Installing Oracle Linux for SPARC on a T7-2

Preparation

Booting from the install media

We do not have Oracle Linux integrated with our standard install server so I am going to do this via CDROM redirection.

I have copied the ISO image to a NFS shared directory on my network, now I have to setup the redirection so the server will boot from this.

Make sure the ILOM timeout is set to at least 2 hours

-> show /SP/cli timeout

/SP/cli
 Properties:
 timeout = 0

 

The timeout is expressed in minutes – if it is set to 0 then the session will never timeout.

Make sure the KVMS services are enabled in the ILOM

-> show /SP/services/kvms/ servicestate

/SP/services/kvms
 Properties:
 servicestate = enabled

Set the host_storage_device to remote, and set the remote location to your NFS server

-> cd /SP/services/kvms/host_storage_device
/SP/services/kvms/host_storage_device

-> set mode=remote
Set 'mode' to 'remote'

-> cd remote
/SP/services/kvms/host_storage_device/remote

-> set server_uri=nfs://1.3.4.78:/Factory/OL-201705232017-R6-U7-sparc-dvd.iso
Set 'server_URI' to 'nfs://1.3.4.78:/Factory/OL-201705232017-R6-U7-sparc-dvd.iso'

Verify that the status is operational – if not check that your uri is correctly set

-> show /SP/services/kvms/host_storage_device status

/SP/services/kvms/host_storage_device
 Properties:
 status = operational

 

 

Set the system to not autoboot the existing solaris OS

-> set /HOST/bootmode script="setenv auto-boot? false"

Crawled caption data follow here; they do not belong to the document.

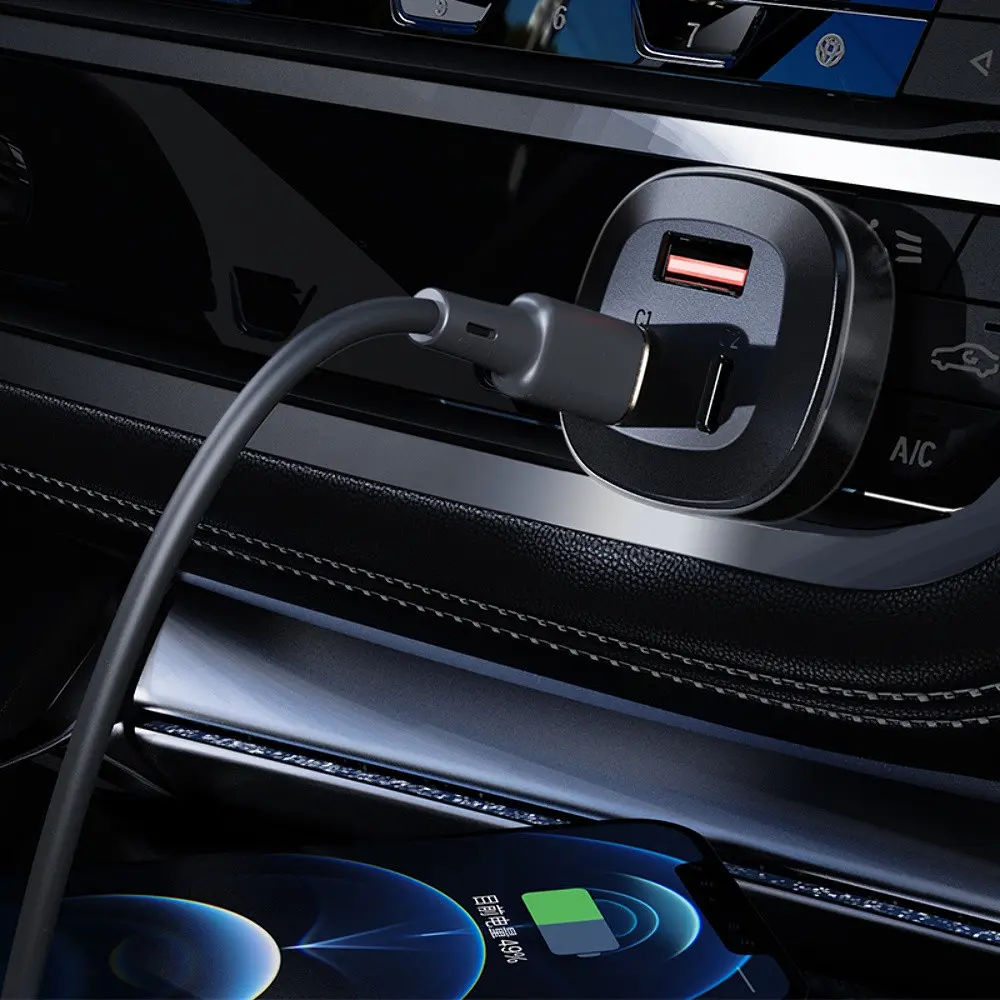 Автомобільний зарядний пристрій Acefast B3 USB/2 Type-C QC PD 66W чорний - фото 2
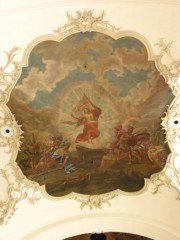 Vue d'un détail de la voûte peinte (Ascension du Christ). Cliché personnel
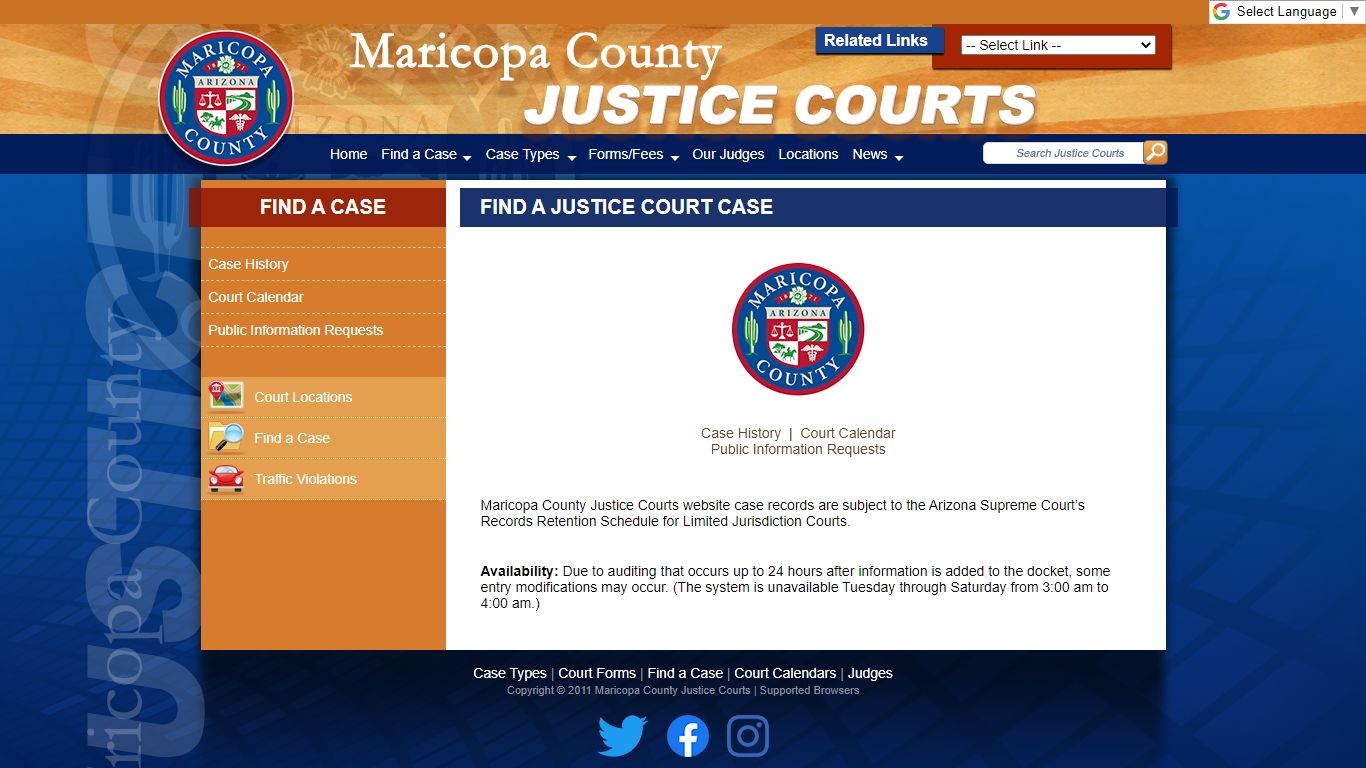 Find a Justice Court Case - Maricopa County, Arizona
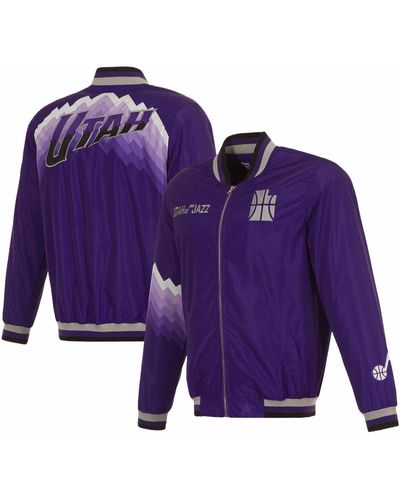 JH Design Utah Jazz 2023/24 City Edition Nylon Full-zip Bomber Jacket - Purple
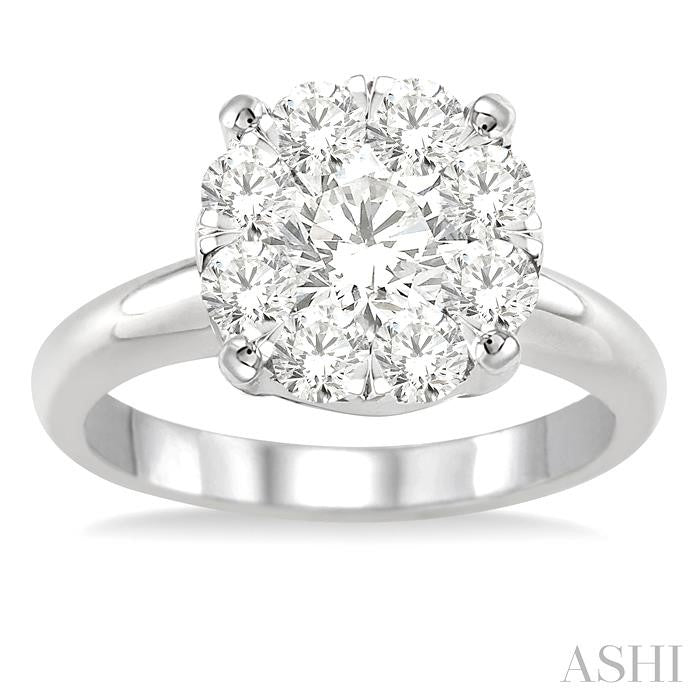 1 1/2 Ctw Shine Bright Round Cut Diamond Ring in 14K White Gold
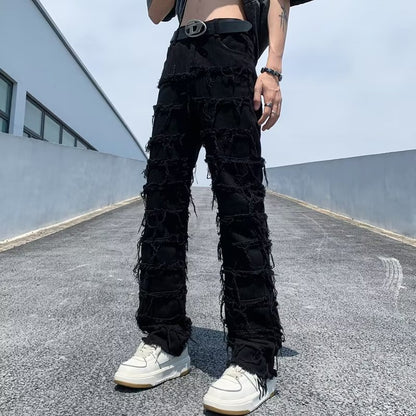 Retro Black Ruffled Jeans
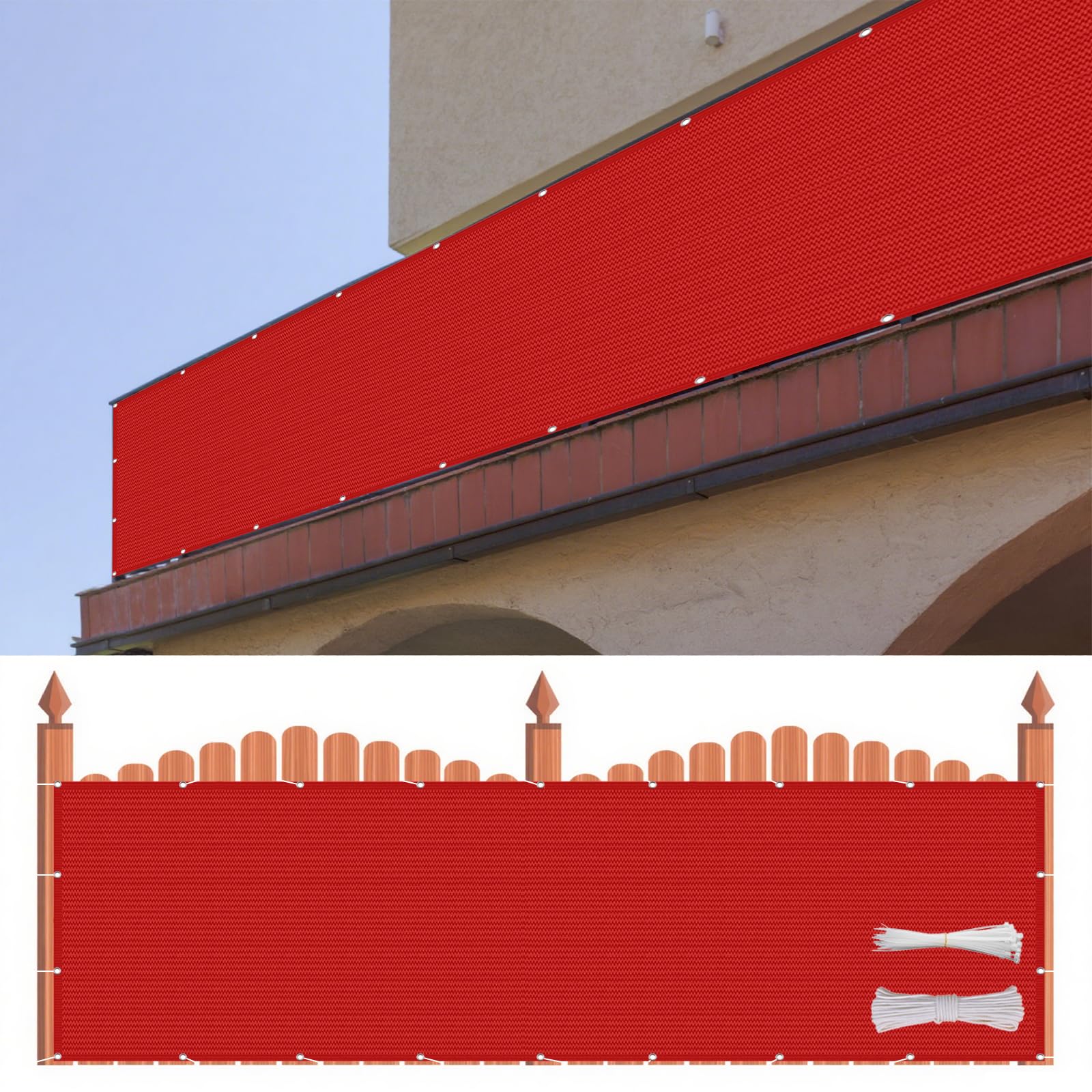 Recinzione Copertura 130 x 360 cm Tessuto HDPE da 220 G/M², Leggera e Durevole, Balcone Protezione Della Privacy Schermo con Fascette e Funi per Balcone Giardino Terrazza, Rosso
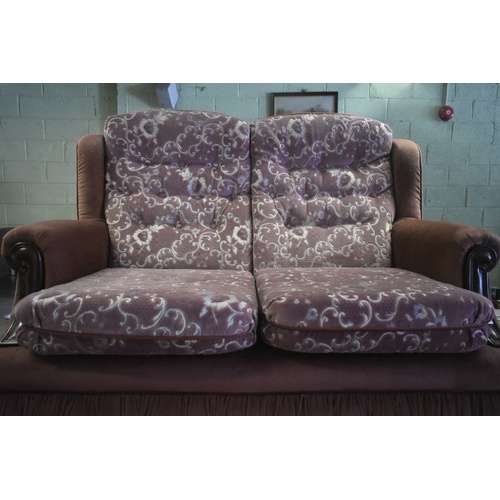 368 - FLORAL PATTERNED 2 SEATER AND 2 CHAIRS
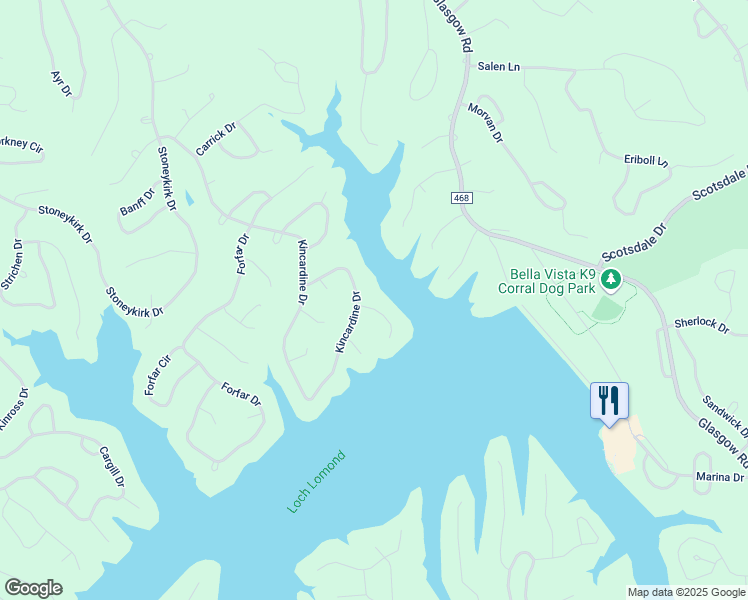 map of restaurants, bars, coffee shops, grocery stores, and more near 112 Kincardine Drive in Bella Vista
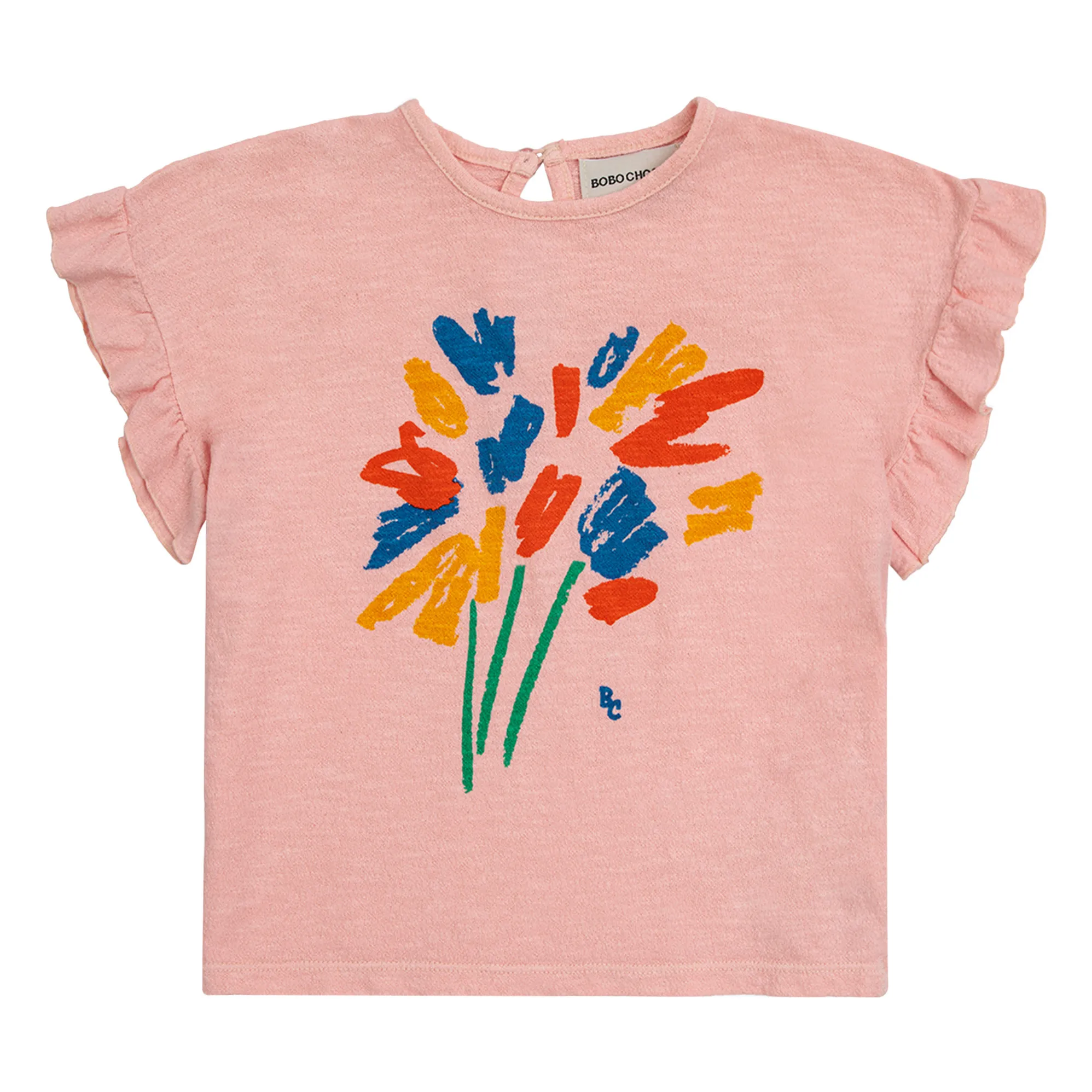 Bobo Choses Pink Organic Cotton Fireworks Ruffle T-Shirt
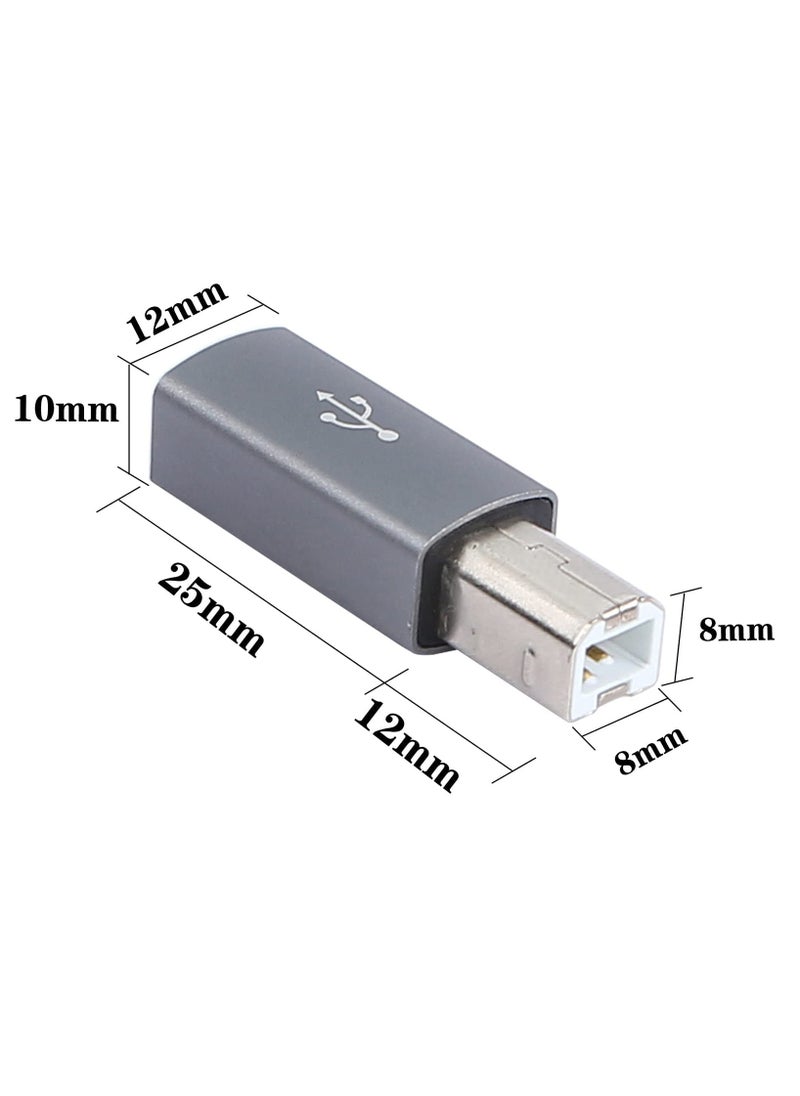 سانموجيد - 2 حزمة 2 محول USB B إلى USB C ب بزاوية قائمة، محول من النوع C إلى MIDI أنثى متوافق مع الطابعة والبيانو الكهربائي وأجهزة الكمبيوتر المحمولة والمزيد من الأجهزة من النوع C - Image 1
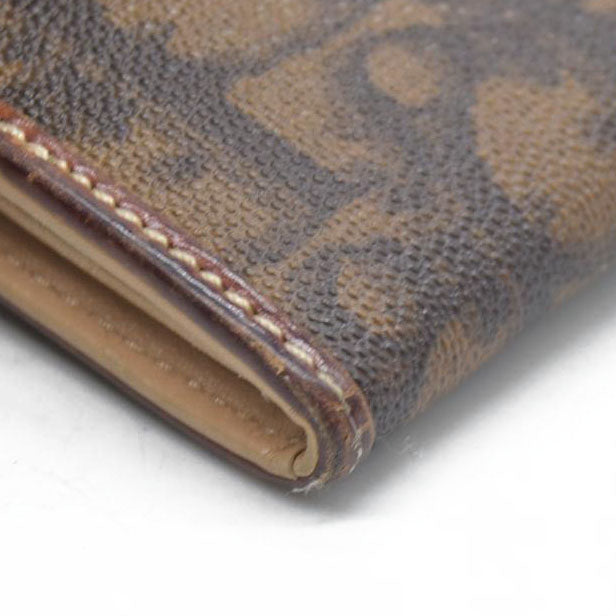 CONSIGNMENT Dior Brown Oblique Coated Canvas and Leather Romantic Continental Wallet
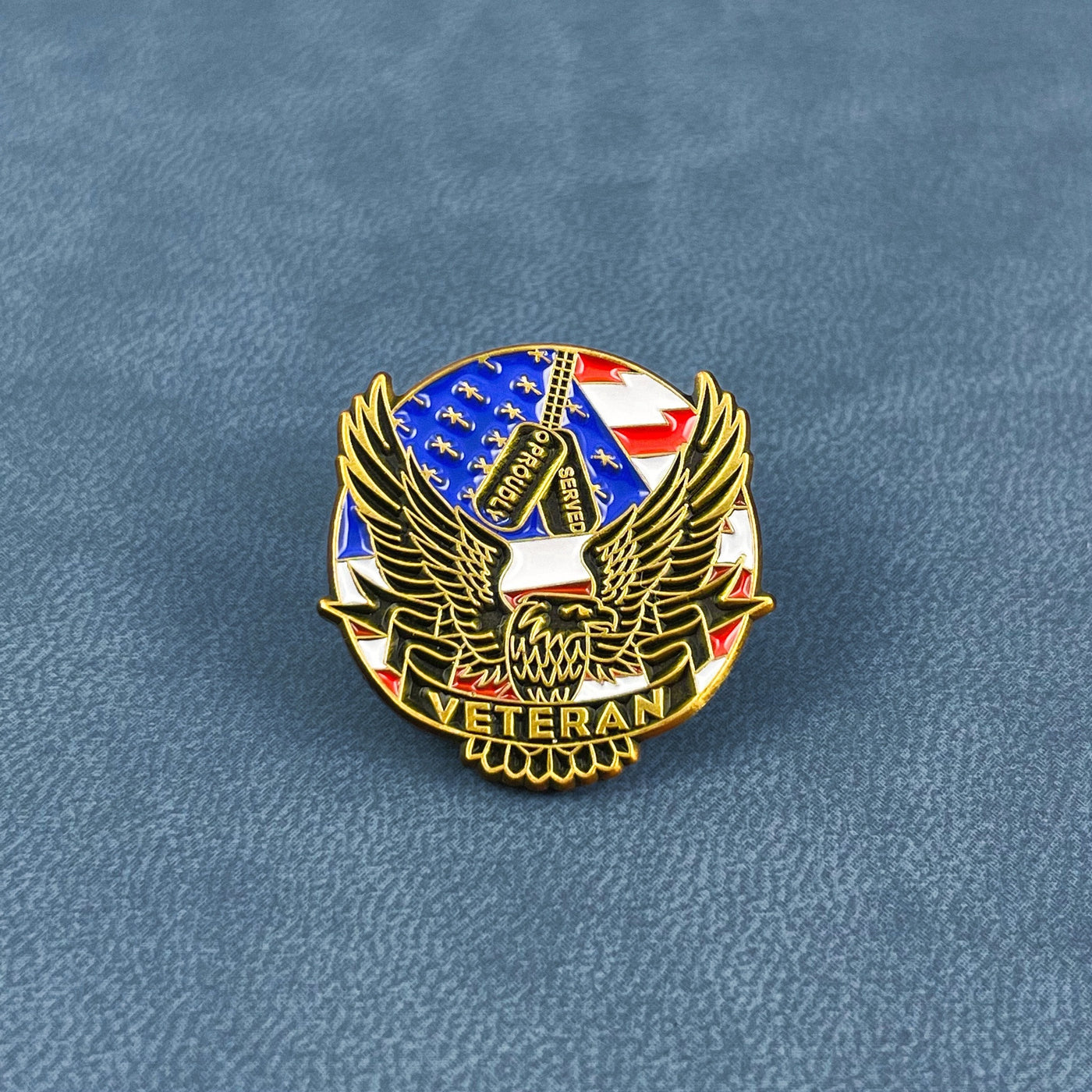 Gold Flying Veteran Eagle Pin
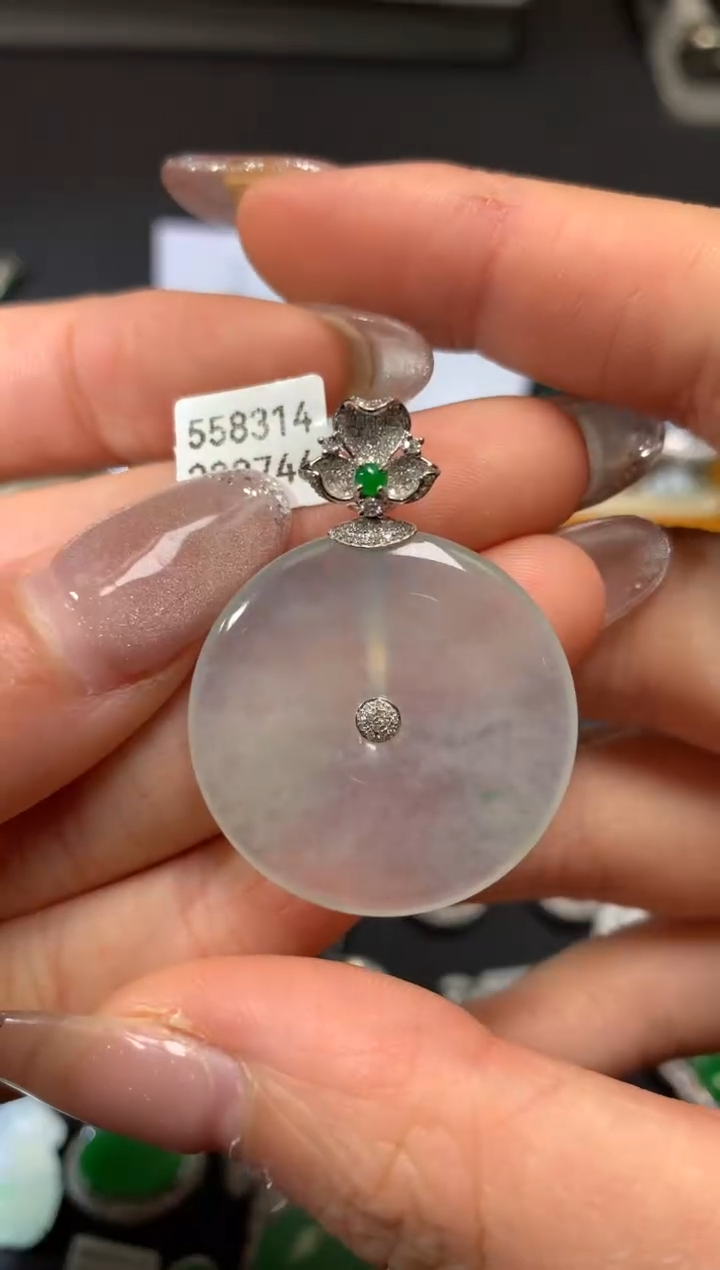 翡翠18K金镶嵌吊坠(不含链)吊坠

Now start the system and login to the console to monitor

-> start /SYS
Are you sure you want to start /SYS (y/n)? y
Starting /SYS

-> start /SP/console
Are you sure you want to start /SP/console (y/n)? y

 

At the ok prompt

{0} ok boot rcdrom - install
Boot device: /pci@308/pci@1/usb@0/hub@1/storage@1/disk@0 File and args: - install

 

GNU GRUB version 2.02~beta3

+----------------------------------------------------------------------------+
 |*Install linux using text mode (use DHCP) | 
 | Install linux using VNC (graphical) mode (use DHCP) |
 | Rescue mode (use DHCP) |
 | |
 | |
 | |
 | |
 | |
 | |
 | |
 | |
 | | 
 +----------------------------------------------------------------------------+

Use the ^ and v keys to select which entry is highlighted. 
 Press enter to boot the selected OS, `e' to edit the commands 
 before booting or `c' for a command-line.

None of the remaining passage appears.